Sejarah mencatat bahwa keterlibatan militer dalam dunia bisnis bukan hal baru. Dalam laporan Tempo, dijelaskan bahwa sejak era nasionalisasi perusahaan-perusahaan Belanda, militer telah menempatkan pejabatnya dalam posisi strategis di berbagai sektor ekonomi. Dalam buku “Bila ABRI Berbisnis” (1998), Indria Samego menulis bahwa keterlibatan militer dalam dunia usaha awalnya untuk kebutuhan logistik, tetapi berkembang menjadi kekuatan ekonomi tersendiri.
Militerisme dalam Pengelolaan Lingkungan
Tiga bulan sebelum kerja sama ini diteken, Presiden Prabowo menandatangani Peraturan Presiden (Perpres) Nomor 5 Tahun 2025 tentang penertiban kawasan hutan.

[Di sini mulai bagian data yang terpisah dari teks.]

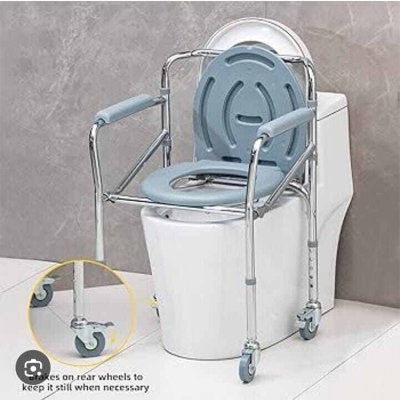 Picture of Luxury commode chair with elegant design and comfortable seating With Wheel Chair - Lightweight, Foldable, Removable U-Shaped Commode, Adjustable Height, Padded Seat & Armrests, Ideal for Seniors, Home & Hospital Use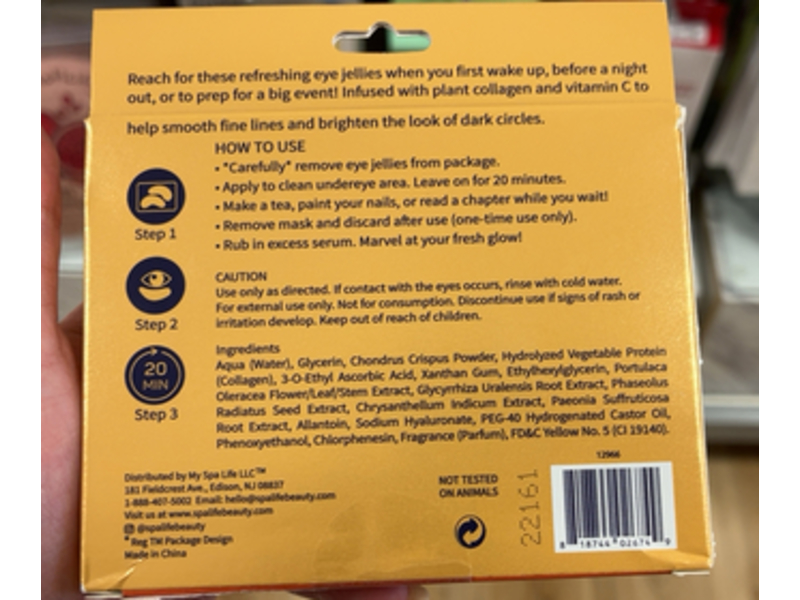 Spalife Under Eye Patch Vitamin C, Plant Collagen, 0.13 oz/3.8 g, 6 Counts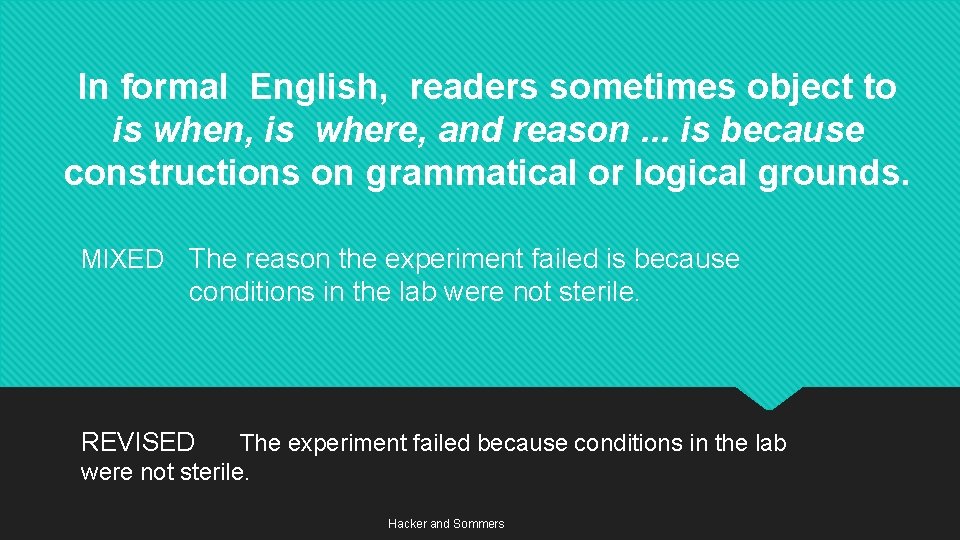 In formal English, readers sometimes object to is when, is where, and reason. .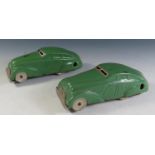 Two Chad Valley Clockwork Tinplate Cars Variations, both motors work (13.5cm approx).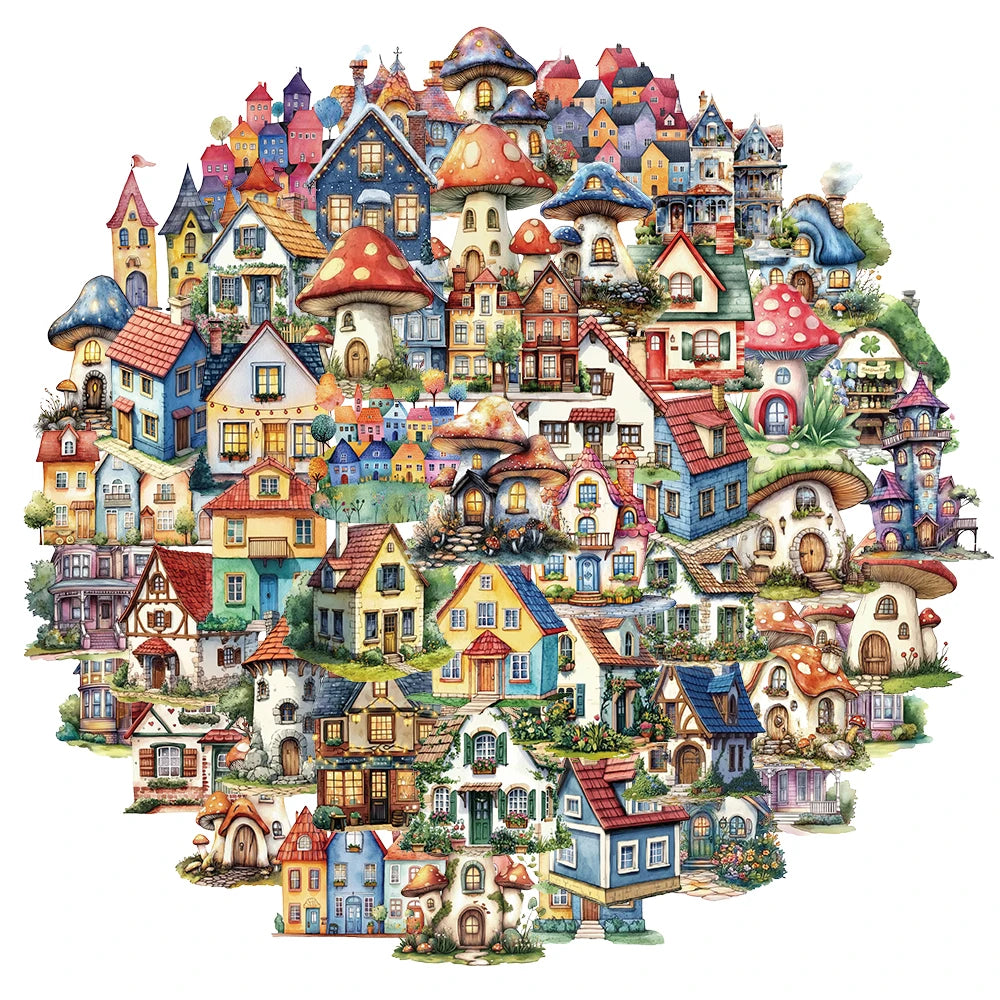 50PCS Fairy Tale House PET Material Stickers DIY Luggage Speaker Water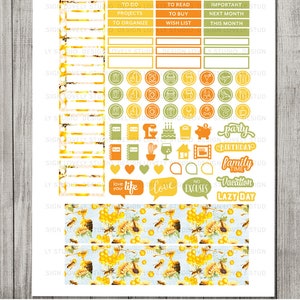 PRINTABLE Monthly Planner Stickers Kit, Honey Bee Monthly Planner Kit ...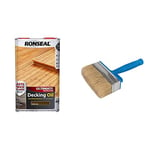 Ultimate Decking Oil 5L Dark Oak [37295] & Silverline Block Brush 115mm / 4-1/2" (394974)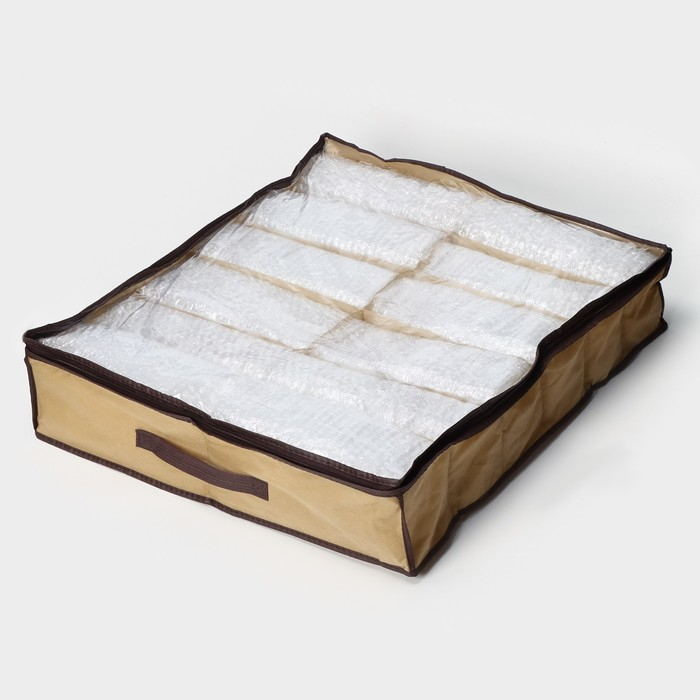 Кофр для обуви Доляна, 12 отделений, 65&times;54&times;10 см, цвет бежевый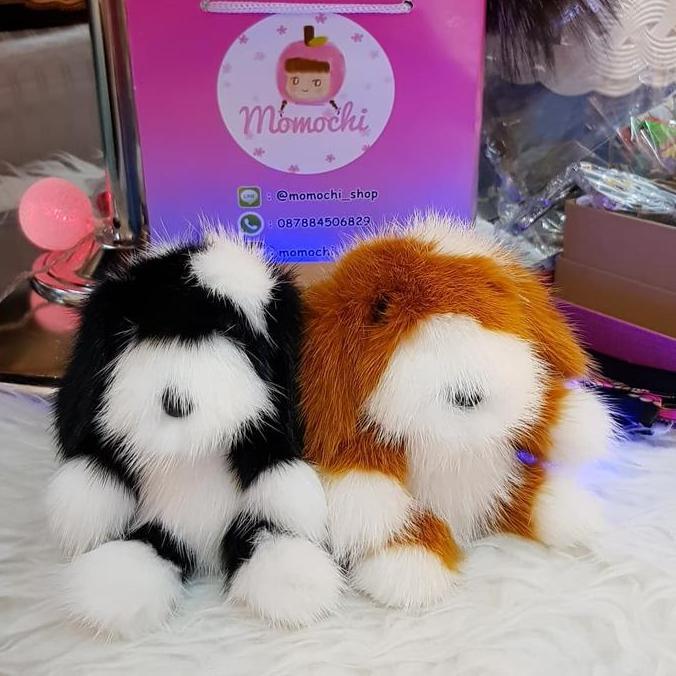 dogie kopenhagen mink fur bag charm murah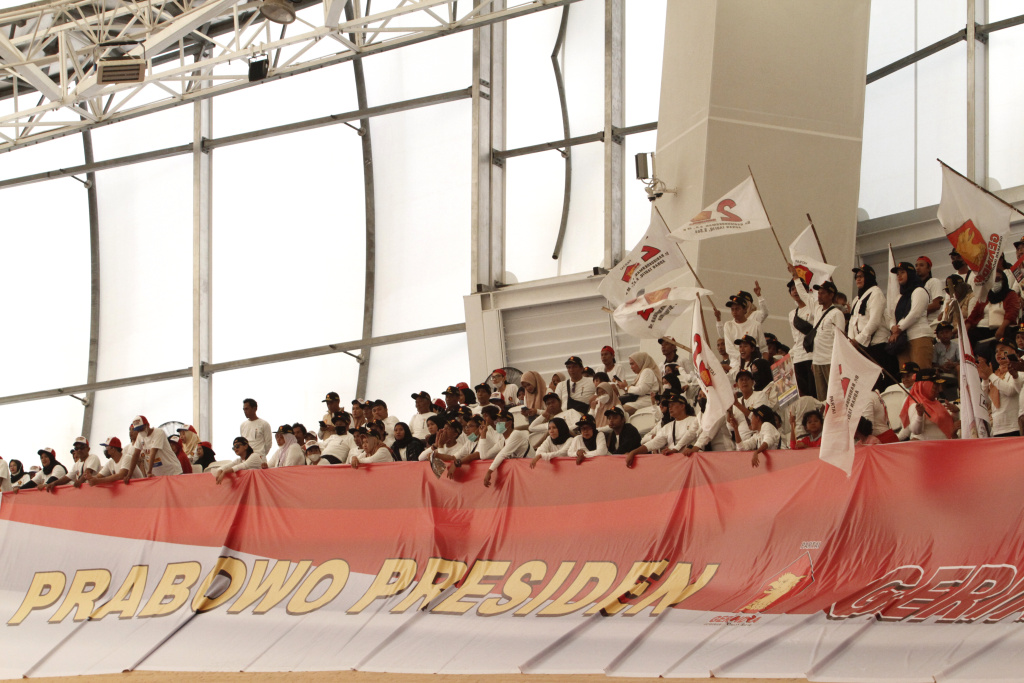 Ketua Umum Partai Gerindra Prabowo Subianto hadiri Konsolidasi Kader Gerindra Jakarta Timur di Gor Velodrome (Ashar/SinPo.id)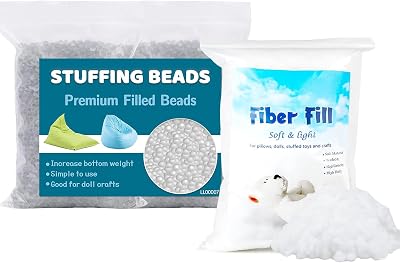 50g Polyester Fill, 700g24.69oz Glass Stuffing Beads,Stuffing for Stuffed Animals, Recycled Polyester Fiber for Pillow Filling, Christmas Dolls DIY, and Home Decors Projects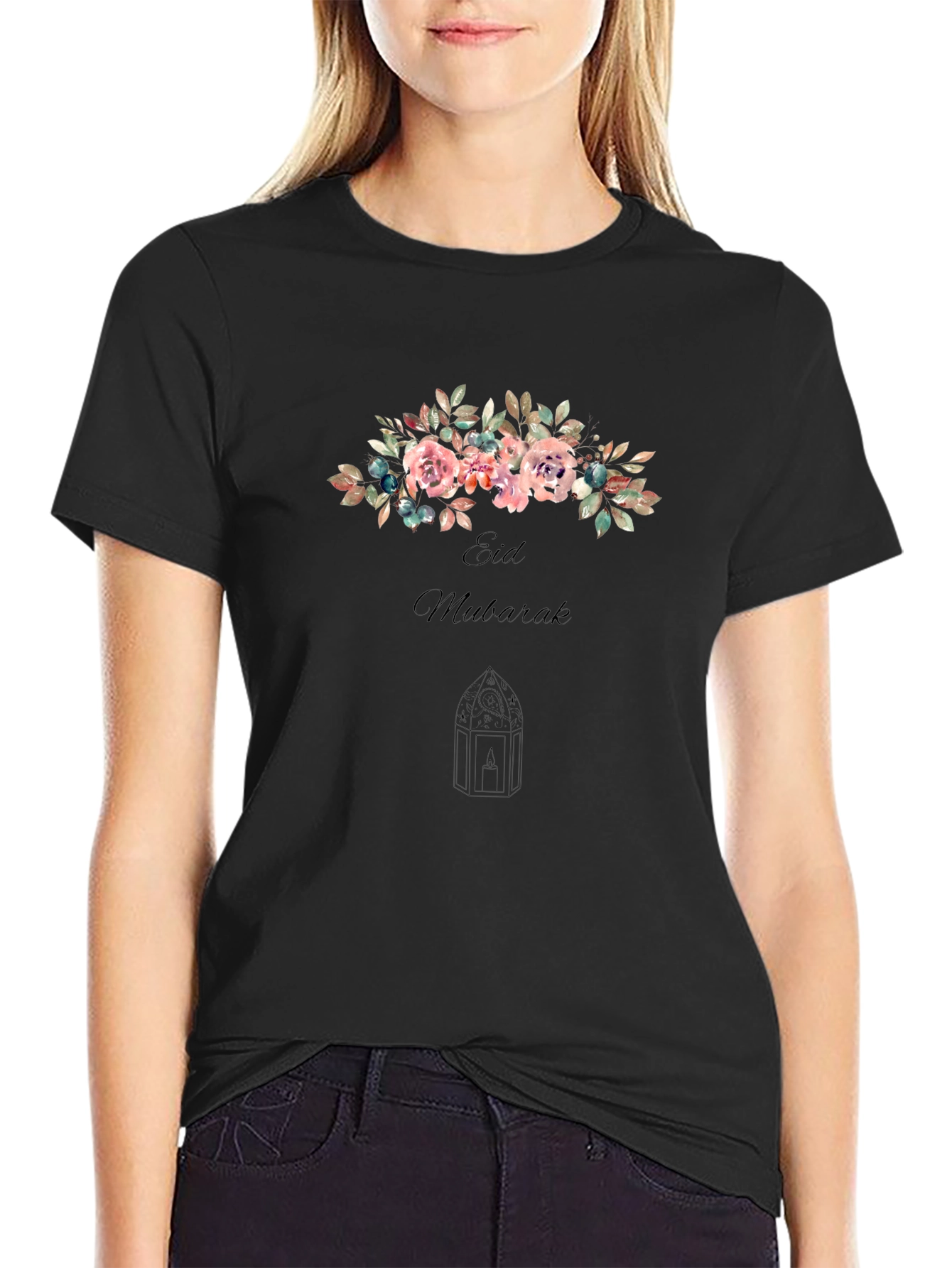 Eid Mubarak Floral T-Shirt - Festive Celebration Tee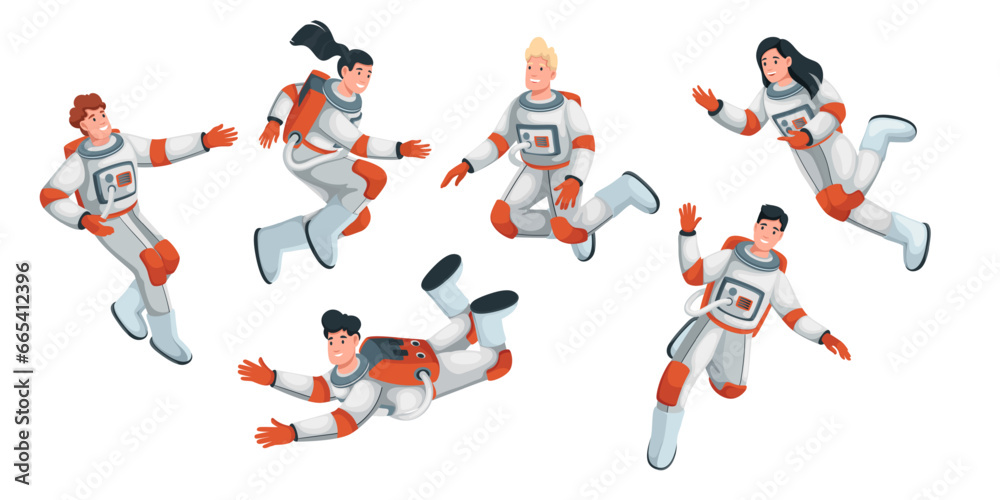 Astronauts flying in zero gravity inside spaceship set vector illustration. Cartoon isolated astronauts in spacesuits floating in weightlessness during space travel, man and woman in different poses - obrazy, fototapety, plakaty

Hannah Alaydrus dari Wahana Lingkungan Hidup Jawa Barat (Walhi Jabar) mengkritik perpres ini sebagai bentuk legitimasi atas pelibatan militer dalam urusan kehutanan.
Menurut Hannah, pendekatan militeristik terhadap kawasan hutan justru berpotensi merugikan masyarakat sipil yang hidup atau beraktivitas di sekitar hutan.
“Jadi ini bisa menjadi ancaman bagi masyarakat yang memang selama ini bukan hanya hidup tapi juga walaupun sekadar beraktivitas di sekitar kawasan hutan,” ujarnya.
Hannah juga menyoroti kecenderungan menyamakan aktivitas masyarakat dengan perusahaan besar dalam konteks pelanggaran di kawasan hutan. Hal ini berisiko menimbulkan konflik agraria yang lebih luas.
“Kemudian ada tidak kekhawatiran bahwa proyek-proyek yang dilegitimiasi perpres ini akan melanggengkan upaya-upaya TNI dalam menertibkan atau menggusur pemukiman warga,” ungkap Hannah.
Dalam PKS antara Pemprov Jabar dan TNI AD, keterlibatan militer juga merambah sektor lingkungan. Pasal 4 poin (d) dan (e) menyebutkan bahwa TNI AD dapat mengelola sampah, melestarikan lingkungan hidup, serta mencegah kejahatan lingkungan seperti pembalakan liar, penambangan ilegal, alih fungsi lahan, dan pencemaran.
Gubernur Jabar Dedi Mulyadi berharap prajurit TNI tidak hanya terlibat dalam pengelolaan sampah, tetapi juga mampu memproduksi mesin pengolah sampah dan melindungi hutan serta daerah aliran sungai. Ia menegaskan bahwa keterlibatan militer adalah bentuk kedekatan dengan rakyat.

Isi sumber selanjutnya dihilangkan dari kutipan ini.